Right now I'm trying to break through a barrier to cycle accurate emulation that no software emulator has done to date. The 68000 processor in the Mega Drive is clocked at around 7.61Mhz, meaning 7,610,000 cycles per second. A single opcode usually takes between 4 and 40 of those cycles to execute, but it can be a lot more than that for MOVEM opcodes, and potentially hundreds for multiply and divide operations. Here's the kicker - the 68000 processor can release the bus to share with other devices, such as for DMA operations from the VDP, or banked memory access from the Z80. The real 68000 processor will respond to bus requests within 2 cycles, or if it's currently actively performing a bus operation itself, at the end of the current bus cycle (4 cycles typically, but can be longer). This means there are around 3,805,000 timing points each second where external requests to obtain the bus need to be checked and responded to in order to get perfect timing accuracy. Right now, Exodus only checks between opcodes, meaning most bus ownership requests are delayed. Most other emulators only synchronise between cores and check for access requests at fixed points, usually thousands of cycles in length. Both are incorrect, and can easily impact timing sensitive code.
There are several challenges in overcoming this barrier. The first is performance.
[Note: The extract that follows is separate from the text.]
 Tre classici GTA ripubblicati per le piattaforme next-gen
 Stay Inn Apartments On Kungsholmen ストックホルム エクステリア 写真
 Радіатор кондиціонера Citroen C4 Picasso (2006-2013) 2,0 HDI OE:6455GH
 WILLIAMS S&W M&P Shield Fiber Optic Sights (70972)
If you want to respond to bus requests accurately within 2 cycles, you need to be checking at 3,805,000 points during execution of your 68000 core for bus access requests each second, and more than that, you need to keep your cores "in sync" so that you don't find out about an access attempt after you've already passed the time when it should have been processed. There is an unavoidable performance hit in doing this. Exodus has a design that aims to minimize that cost, but it will be there. Most of it is already being taken by the platform, hence why Exodus requires more processing power than most (all?) other Mega Drive emulators out there. It was designed to solve these problems, but that means an execution model which has a lot more overhead for synchronisation, because synchronisation is happening a lot more frequently. That's the cost of cycle accurate emulation.
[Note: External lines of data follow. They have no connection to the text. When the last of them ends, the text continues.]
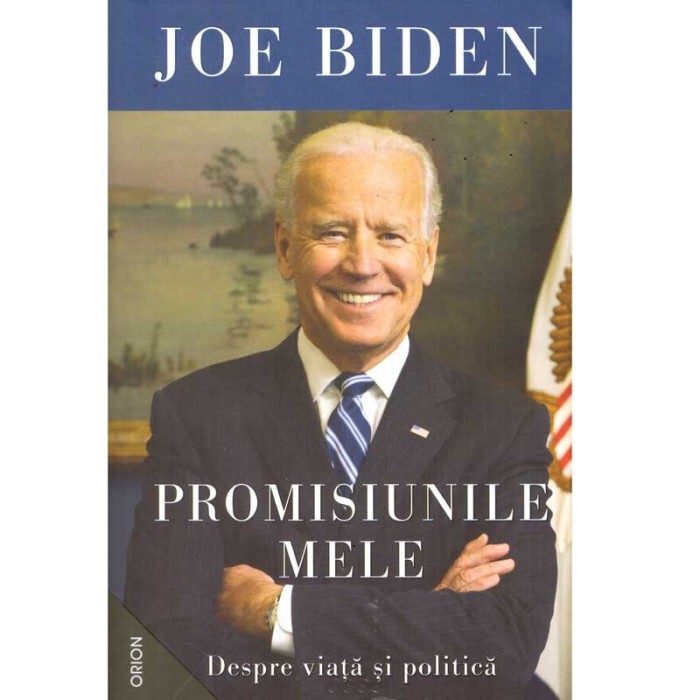 Joe Biden - Promisiunile mele - 135760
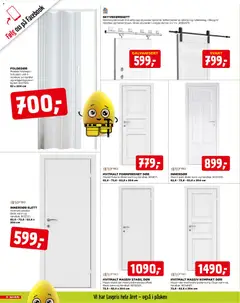 Forhåndsvisning av Jem & Fix kundeavis gyldig fra 22.03.2026 | Side: 28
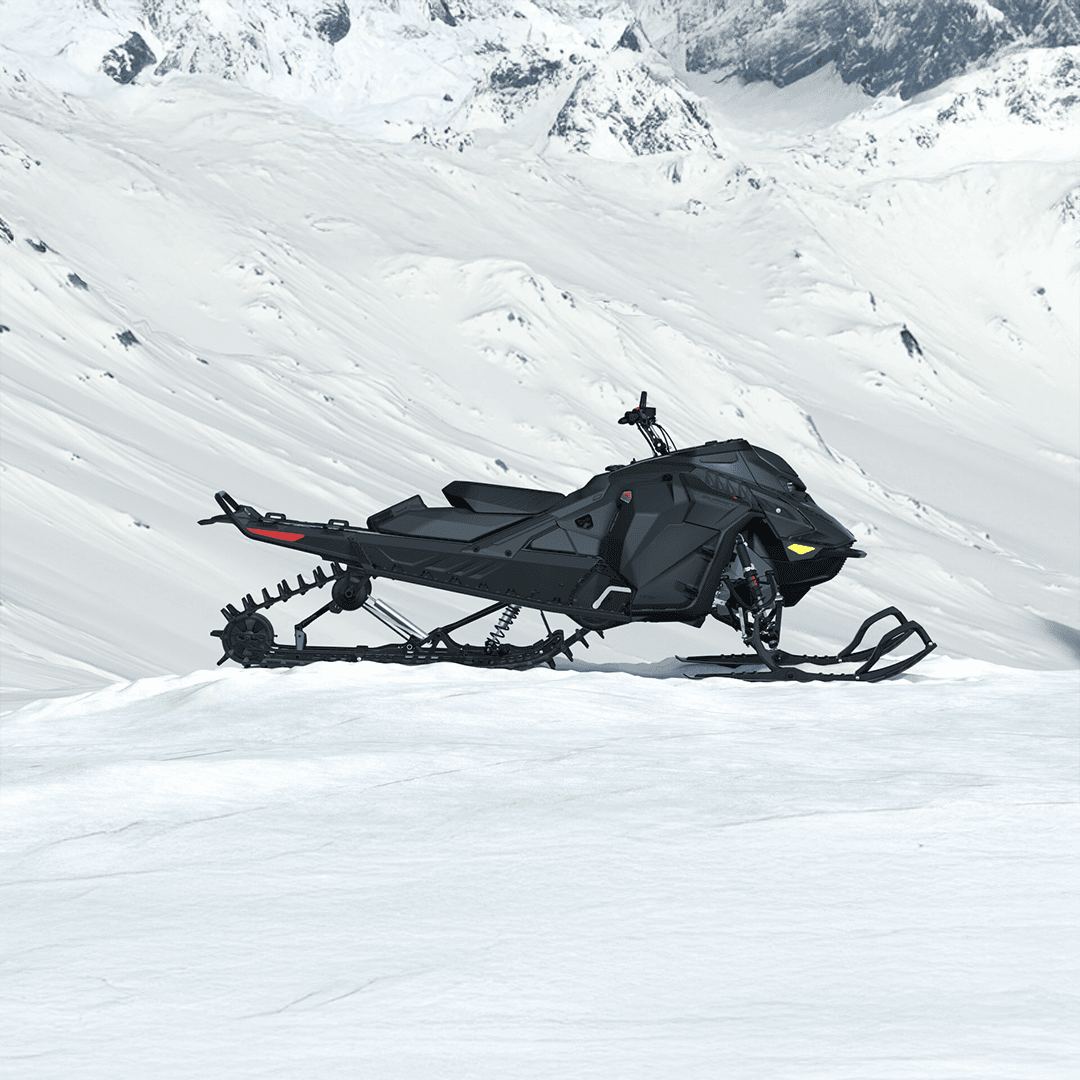 Ski-Doo Summit Adrenaline with Edge Package 2026 — фото 8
The second barrier is the more annoying one IMO. Your "traditional" emulation core would step through one instruction at a time. If the next instruction is an ADD opcode, you execute it in one go. That's simple, logical. Let's simplify and say it looks something like this:
void AddOpcode(source, target)
{
sourceData = source.read();
targetData = target.read();
result = sourceData + targetData;
target.write(result);
}
If you now can grant the bus at between 1 to 13 discrete points within the execution of that single opcode though (for ADD this is correct), what does that look like in code? You can't just call a single linear function for that opcode with one entry and return point anymore. You could try and have blocking calls within the function, so that the execution of the AddOpcode function is suspended until the bus is returned... but then you can't do savestates, because how can you save the current execution state and resume it later when you leave a blocked thread like that? You could try and wait for the processor to be between opcodes for a savestate request to be actioned, but what if you have two processors constantly swapping the bus between each other? They might never reach a point where both are between opcodes and all threads are unblocked.
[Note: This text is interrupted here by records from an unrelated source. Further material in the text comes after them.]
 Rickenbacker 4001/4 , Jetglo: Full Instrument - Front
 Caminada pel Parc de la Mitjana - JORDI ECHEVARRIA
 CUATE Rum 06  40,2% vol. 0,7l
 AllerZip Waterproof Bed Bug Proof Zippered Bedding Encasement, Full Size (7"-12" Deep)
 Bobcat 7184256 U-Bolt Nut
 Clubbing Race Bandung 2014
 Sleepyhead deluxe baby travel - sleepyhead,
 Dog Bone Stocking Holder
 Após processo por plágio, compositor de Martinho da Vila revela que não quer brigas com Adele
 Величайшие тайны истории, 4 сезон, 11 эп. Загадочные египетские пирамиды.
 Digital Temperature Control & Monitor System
The best way forward is to turn your opcode execution steps into a kind of state machine, where you can step through the opcode one internal step at a time. That makes the code unfortunately more verbose, and much less branch predictor friendly, so slower, but it looks something like this:
bool AddOpcode(source, target, currentStep)
{
bool done = false;
switch (currentStep)
{
case 0:
sourceData = source.read();
break;
case 1:
targetData = target.read();
break;
case 2:
result = sourceData + targetData;
break;
case 3:
target.write(result);
done = true;
break;
}
++currentStep;
return done;
}
This is what I'm currently working on doing for Exodus. This will give truly 100% perfect timing accuracy for the CPU cores, which will be essential when expansions like the MegaCD and 32x come along, which makes the number of bus interactions very complex.
There's actually more to it than this. Part of the work I'm currently doing involves adding perfect handling of DTACK to handle wait cycles during bus access, and group 0 exceptions like bus and address errors, but I'll write more about that at another time.